For UK policy, Drax illustrates the stakeholder incentive misalignments that complicate capture material evaluation. The project's economics depend on continued subsidy access beyond 2027 when current renewable obligation certificates expire; critics argue subsidy capture, not carbon capture, drives project design. The 28% energy penalty from capture operations reduces saleable electricity, affecting grid economics and potentially increasing fossil gas dispatch to compensate.
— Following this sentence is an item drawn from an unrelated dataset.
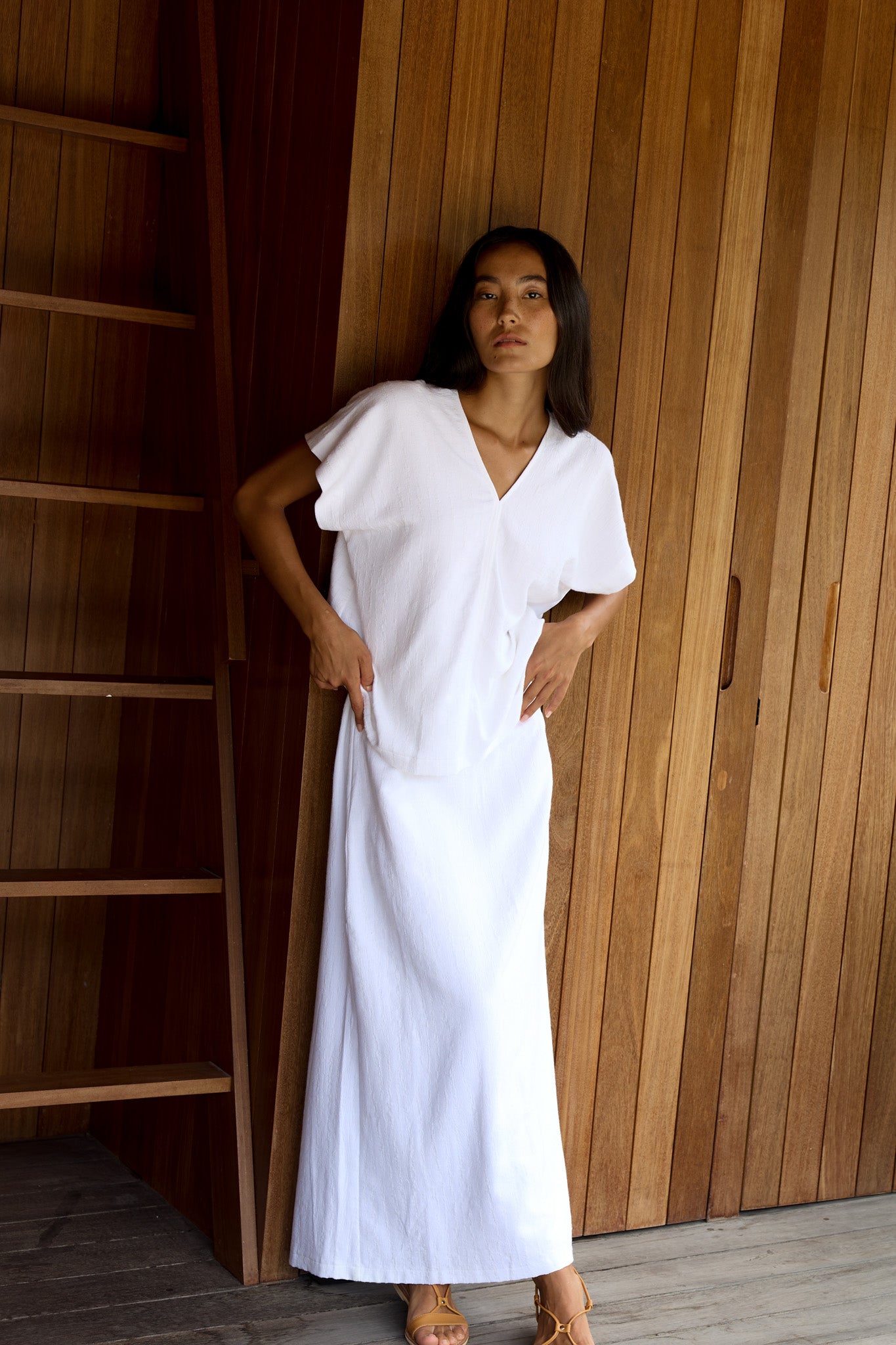 Linen Kaftan Top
3. Sleipner Monitoring Failure — The Verification Gap
Norway's Sleipner project, operational since 1996, has been cited as carbon capture's proof of concept, with claimed storage of 1 million tonnes CO₂ annually in the Utsira saline formation. However, 2024 auditing revealed systematic monitoring failures: only 106,000 tonnes were verified captured in 2023—28% below official claims—due to defective measurement equipment and calibration drift.
Analysis indicated that Sleipner has not achieved its design capture rate since 2001. The project faces closure as the underlying Sleipner gas field depletes, leaving verification uncertainties that undermine confidence in long-term storage permanence claims.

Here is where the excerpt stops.